>>>

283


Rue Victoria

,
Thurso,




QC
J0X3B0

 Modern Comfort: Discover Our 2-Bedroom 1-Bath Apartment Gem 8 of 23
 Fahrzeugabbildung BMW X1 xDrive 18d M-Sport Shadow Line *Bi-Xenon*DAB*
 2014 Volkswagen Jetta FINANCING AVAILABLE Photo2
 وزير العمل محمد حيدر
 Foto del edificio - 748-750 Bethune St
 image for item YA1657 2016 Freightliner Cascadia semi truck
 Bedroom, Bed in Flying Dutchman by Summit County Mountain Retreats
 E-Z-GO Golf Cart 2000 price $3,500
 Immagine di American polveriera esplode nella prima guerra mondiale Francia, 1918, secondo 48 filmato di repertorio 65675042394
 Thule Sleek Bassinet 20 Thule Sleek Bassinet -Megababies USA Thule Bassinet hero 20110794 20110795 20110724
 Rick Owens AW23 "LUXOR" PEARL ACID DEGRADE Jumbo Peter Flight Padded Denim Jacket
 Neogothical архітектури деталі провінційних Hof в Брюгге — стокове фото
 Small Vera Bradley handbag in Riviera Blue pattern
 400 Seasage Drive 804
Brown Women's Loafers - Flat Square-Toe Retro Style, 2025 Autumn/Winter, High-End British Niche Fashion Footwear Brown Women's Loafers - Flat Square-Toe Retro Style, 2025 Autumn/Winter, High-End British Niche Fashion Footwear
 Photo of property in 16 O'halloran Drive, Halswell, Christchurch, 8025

<<<

_WHAT YOU SHOULD DO_.
I'd like the lines above from the one with "Bedroom, Bed in" up to and including the one with "Neogothical архітектури деталі" copied exactly, with no other lines.

_OUTPUT_.
 Bedroom, Bed in Flying Dutchman by Summit County Mountain Retreats
 E-Z-GO Golf Cart 2000 price $3,500
 Immagine di American polveriera esplode nella prima guerra mondiale Francia, 1918, secondo 48 filmato di repertorio 65675042394
 Thule Sleek Bassinet 20 Thule Sleek Bassinet -Megababies USA Thule Bassinet hero 20110794 20110795 20110724
 Rick Owens AW23 "LUXOR" PEARL ACID DEGRADE Jumbo Peter Flight Padded Denim Jacket
 Neogothical архітектури деталі провінційних Hof в Брюгге — стокове фото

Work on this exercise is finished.